Read Jacobs State Proposal

*Breaking*

Sen. Alice Harden, D-Jackson, confirmed this evening that Jackson State University President Ronald Mason Jr., approached her with an idea to downsize historically black colleges Alcorn University, Mississippi Valley State University and Jackson State University into specialized campuses united under the name Jacobs State University.

"He spoke to me about it, and I don't support it," said Harden, a Democrat from Jackson. "We need to do something, but this isn't it. I can't stand behind this."

The Jackson Free Press obtained a multi-page proposal Mason circulated to black legislators Friday, calling for merging Jackson State University into a facility specializing in graduate degrees in liberal arts and science. Under the same plan, Valley would become "Mississippi Valley College," which will specialize in "service learning." Alcorn University, under this plan, would become "Alcorn College," a facility for "Intense Core I" stage learning.

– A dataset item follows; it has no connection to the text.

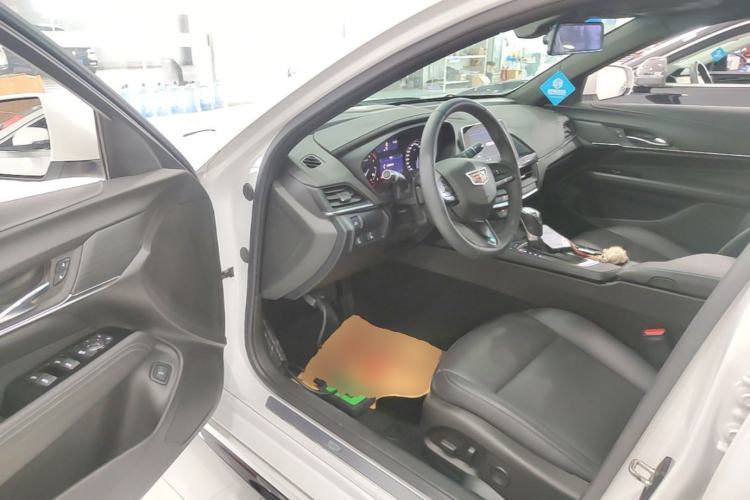 Used Cadillac CT4 2021 28T Fashion Edition Driver Seat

The proposal envisions the new university, named after former slave and Jackson State University founder H.P. Jacobs, as containing 13,000 students and 2,000 graduate students covering three campuses split over seven sites. The proposal, which plans for the new university to be the "leading producer" of African American teachers, PhDs, and pre-professionals, will have an operations center in Vicksburg handling human resources, enrollment management, and maintenance and custodial services, among other things.

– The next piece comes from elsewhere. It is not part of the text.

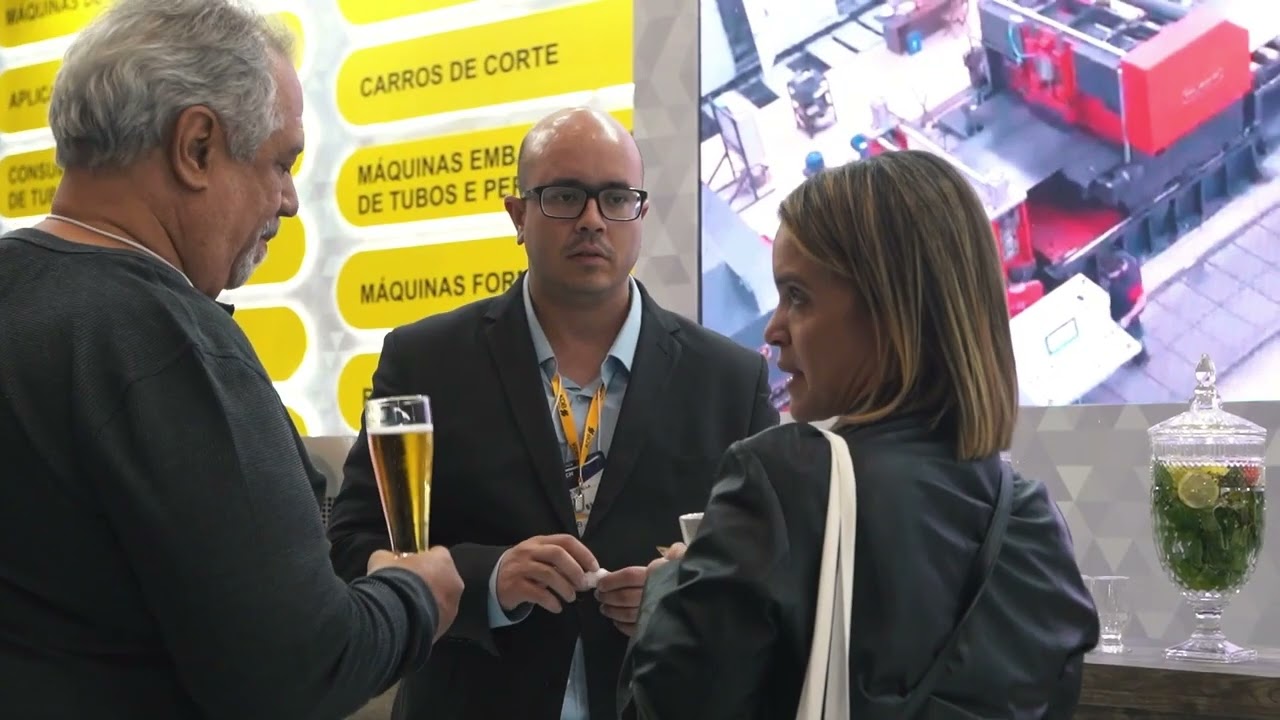 TUBOTECH 2022: Depoimento de Expositor - Guilherme Varella - KDB Industrial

Legislative prerequisites for the merger include a one-time appropriation of $10 million over the course of two years for legal, accounting and marketing, and sharp maintenance of state funding arising from the Ayers suit.

Local media personality Othor Cain, who helped organize a recent march on the Capitol protesting Gov. Haley Barbour's call to merge the black universities, called Mason's proposal "another kind of merger."

"If it walks like a duck, and quacks like a duck, you shouldn't call it a chicken," Cain told the Jackson Free Press this evening. "The way this plan is set up, it seems to turn Alcorn University into a remedial college for teaching students who leave high school unprepared for college. That's what community colleges are for."

Mason did not immediately return calls for a response.